Conveyor belt connecting – Mechanical connection

This method involves the use of special buckles, screws, hooks or snaps to connect the two ends of the tape. These elements are placed along the edge of the tape and then clamped, creating a permanent connection.

Why do Factorio balance belts? ›

Balancers are used to evenly distribute items over multiple belts or multiple belt lanes. Balancers that are input balanced take evenly from all input belts/belt lanes. Balancers that are output balanced distribute evenly to all output belts/belt lanes. Ideally, a balancer should be input and output balanced.
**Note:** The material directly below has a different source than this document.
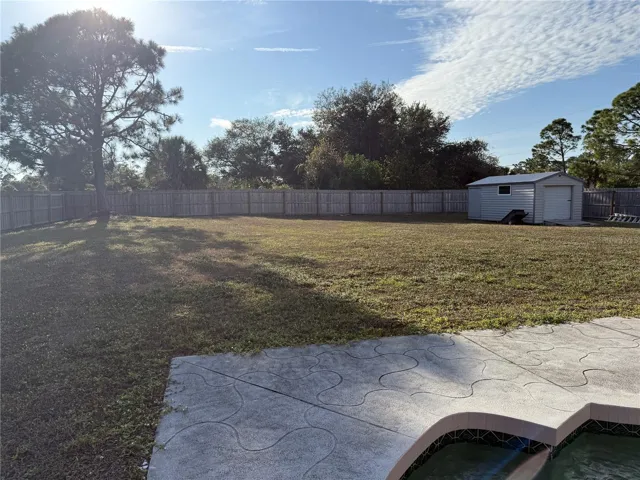 View of yard from pool deck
What are weighted belts used for? ›

A weightlifting belt has two main purposes. It reduces stress on the lower back while the person is lifting in an upright position, and it prevents back hyperextension during overhead lifts.

What happens if the balance shaft belt breaks? ›

When the balance shaft belts break, quite often people don't notice as the engine doesn't run -really- rough or anything, just a bit rougher than normal... however when you continue to drive this way you run the risk of the main belt catching the debris from t he balance belt.

What type of belt is slimming? ›

Wear a wide belt with low-rise jeans

This positioning allows for creating a slimming silhouette without any added bulges from cinching too much fabric on top or below the belt. For best results, make sure the belt is wide enough to cover your midsection while making you look sleek and slim.

Why use trains instead of belts factorio? ›

Past a couple screens of distance trains are both cheaper, faster and raising the throughput requires only a fraction of the setup cost unlike pipes or belts that need brand new lines every time. A yellow belt only transports 15 items per second, at a speed of 1.875 tiles per second.

How do you make a belt balancer in Factorio? ›

Re: Belt Balancers - how they work and how to make them

Here's how: Build a standard 4-to-1 pyramid. Hook the unused output back into the unused input. Attach one belt of all three inputs to the same circuit, holding the number of items on each input belt.

How do you mix belts in Factorio? ›

Belts going across a splitter will have items from the splitter moving to one side of the crossing belt. Commonly, merging and un-merging is done by using a splitter.

What does a balancer do in a car? ›

As the engine operates, harmonics from combustion resonate through the crank. The job of the balancer is to help eliminate these harmonics before the cause problems. The circular device, made of rubber and metal, is bolted at the front end of the crankshaft to help absorb vibrations.

What is the function of the engine balancer? ›

Balance shafts are used in internal combustion engines to reduce or eliminate the free mass forces of a reciprocating engine to reduce operating noise and vibration. For this purpose, imbalances (eccentric with respect to a rotation axis arranged weights) attached to the balance shaft.

What is the purpose of a wheel balancer? ›

A wheel balancer prevents troublesome vibrations that cause wear on tires and suspension. If your shop has a wheel balancer handy, the most common cause of wheel vibrations—unbalanced tires—can be fixed in minutes.

What is the purpose of a harmonic balancer? ›

The harmonic balancer (also known as the crankshaft damper) is a round disc made of rubber and metal that absorbs vibrations caused by the engine cylinders' firing. It protects the crankshaft.